MANILA (UPDATE) - Philippine exports reached their highest value in at least 17 months in May, supporting forecasts of robust growth for one of Southeast Asia's fastest growing economies and giving the central bank more leeway to tighten policy to dampen inflation.
Exports in May rose 6.9 percent from a year earlier, with shipments for the month reaching $5.48 billion, the highest value since January 2013, the statistics office said on Thursday, citing available data.
The statistics office revised the trade data series for the whole of 2013, but has yet to release revisions for years 2012 and earlier.
Shipments to Japan, the country's top export destination, were up 6.1 percent in May from a year earlier, while those to China and United States climbed 51.3 percent and 9.2 percent, respectively.
Overall exports grew 5.8 percent in January to May from the same period a year earlier.
Analysts said the better-than-expected export performance bodes well for economic growth in the second quarter, after growth in the first three months of the year missed expectations.
"The export numbers will give the central bank even more confidence to tighten monetary policy," said Emilio Neri, economist at Bank of the Philippine Islands.
"They will have a freer hand to pursue that mandate since the external side is showing signs of recovery," said Neri, adding the central bank could move as early as this month.
Bangko Sentral ng Pilipinas Governor Amando Tetangco said on Wednesday the central bank will not hesitate to tweak monetary policy to ensure inflation remains within target. It next meets on July 31 to review policy.
The BSP has taken several modest steps to tighten liquidity and tamp down price pressures so far this year, but some economists believe its next step will be more forceful: a hike in its policy rate from the current record low of 3.5 percent.
Growth in May exports was led by shipments of mineral products, coconut oil, metal components, woodcrafts and furniture, machinery and transport equipment, which helped offset a 1.6 percent annual decline in electronics shipments.
The country provides about 10 percent of the world's semiconductor manufacturing services, including for mobile phone chips and micro processors.

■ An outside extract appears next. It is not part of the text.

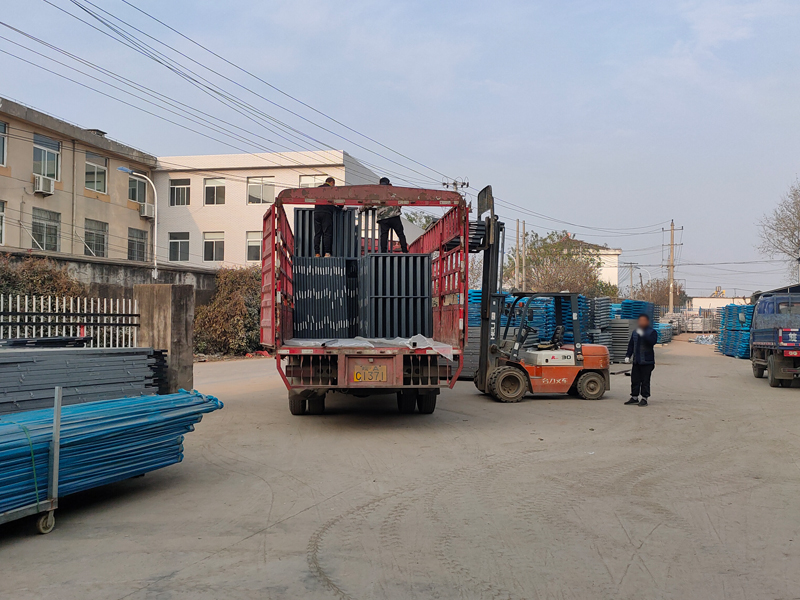 金用護欄2021年12月20日鋅鋼百葉窗裝車發貨！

"In the first few months of this year, the story for the Philippines is that it has been outperforming its regional peers as far as exports are concerned, benefiting from improved external demand more than other countries," said Euben Paracuelles, economist at Nomura in Singapore.
"The electronics sector is important. It has experienced a soft patch, but again external demand still seems to be stronger and that should bode well for the sector."

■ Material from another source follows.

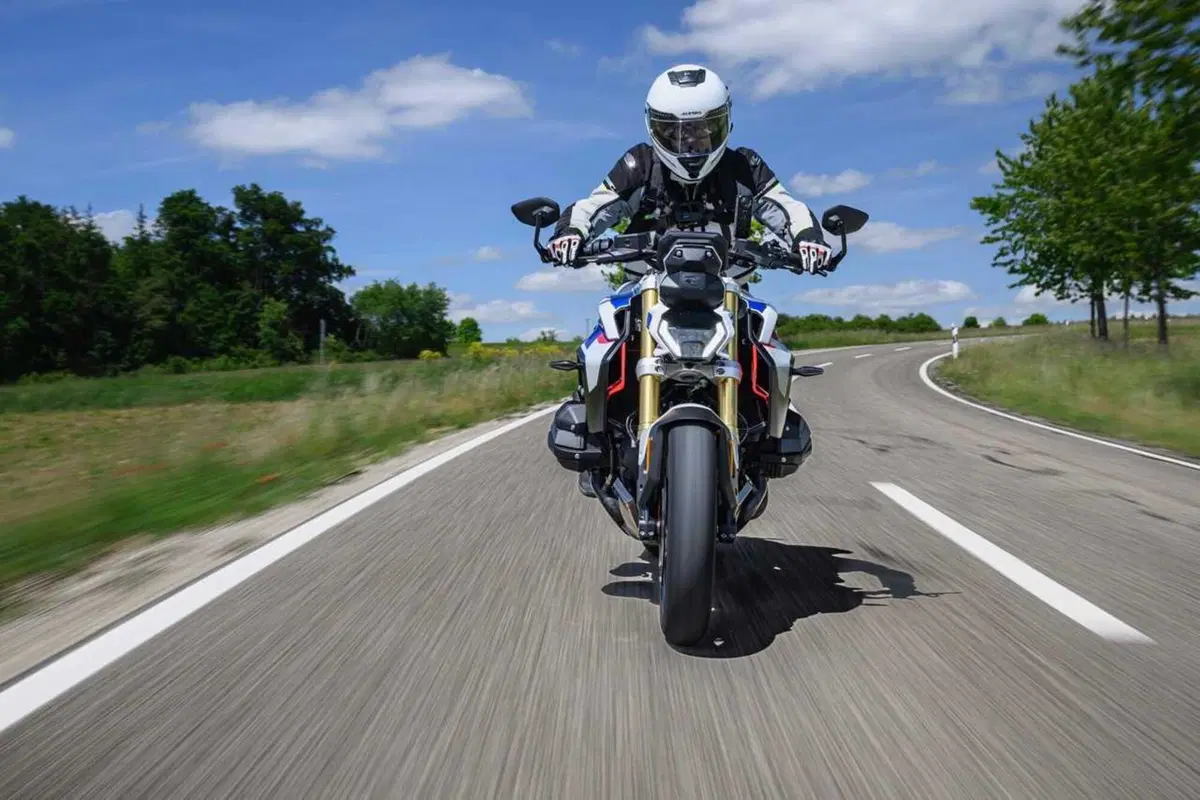 Perché la BMW R 1300 R mi ha deluso? Il TEST [VIDEO] (7)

The electronics industry group has said it was sticking to its 5 percent growth for the sector this year, with expectations of a pick-up in global demand.
The economy unexpectedly grew at its slowest pace in two years to 5.7 percent in the first quarter, hurt by the impact of last year's super typhoon Haiyan. Manila is targeting growth of 6.5-7.5 percent this year.
The government kept its 2014 export growth estimate at 6 percent, but lifted its import projection to 9 percent from 6 percent on anticipation of high inflows of construction materials for rebuilding after the typhoon.
Annual inflation in the Philippines averaged 4.2 percent in the first half of the year, above the midpoint of the central bank's 3-5 percent target for the year on the back of rising food and transport costs.